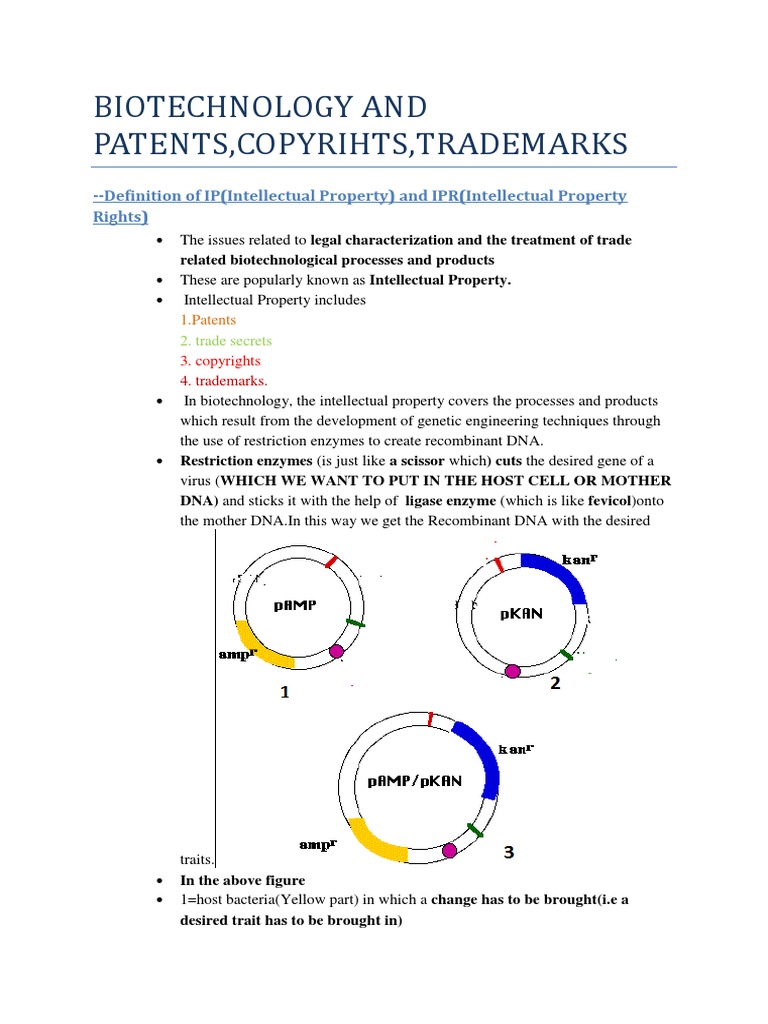 Biotechnology And Trips Pdf Patent Intellectual Property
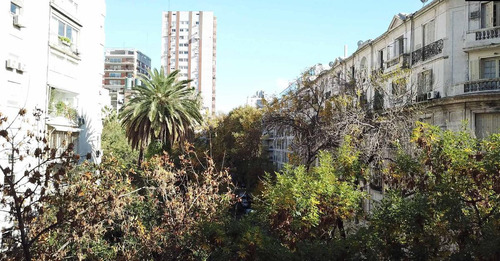 W - Ugarteche - Botanico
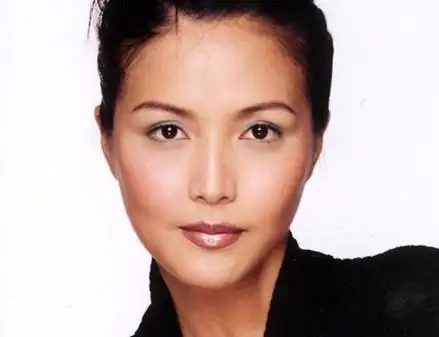 【图】爱在心处陈丽贞介绍 新加坡才华横溢的演员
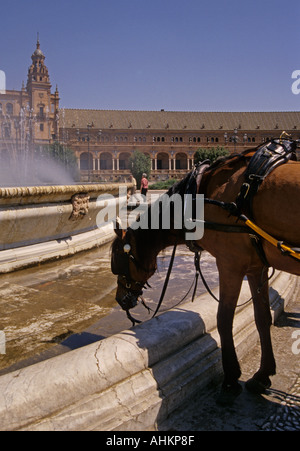 Pferd trinkt aus einem Brunnen in Plaza de Espana Sevilla Andalusien Spanien Stockfoto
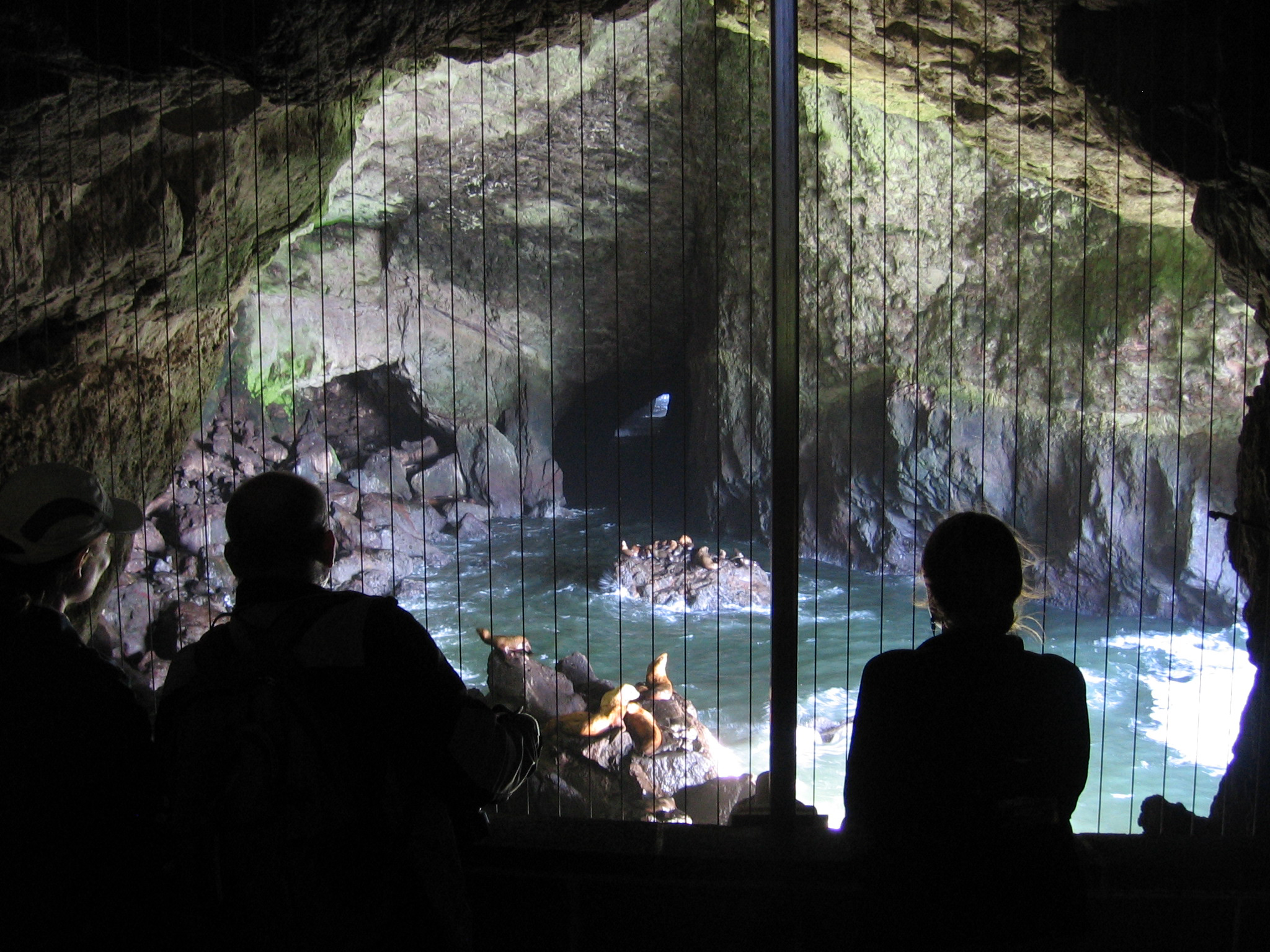 Sea Lion Caves, July 2011.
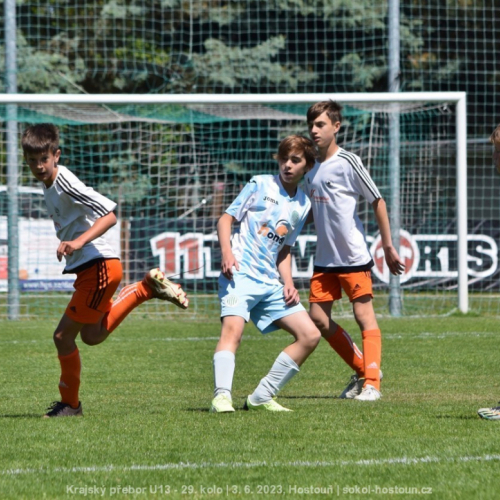 sh-vyzlovka (21).jpg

........

Your instructions:
Return the listing above word for word, with the pictures removed.

Reply:
 Biotechnology And Trips Pdf Patent Intellectual Property
 W - Ugarteche - Botanico
 【图】爱在心处陈丽贞介绍 新加坡才华横溢的演员
 Pferd trinkt aus einem Brunnen in Plaza de Espana Sevilla Andalusien Spanien Stockfoto
 Sea Lion Caves, July 2011.
 sh-vyzlovka (21).jpg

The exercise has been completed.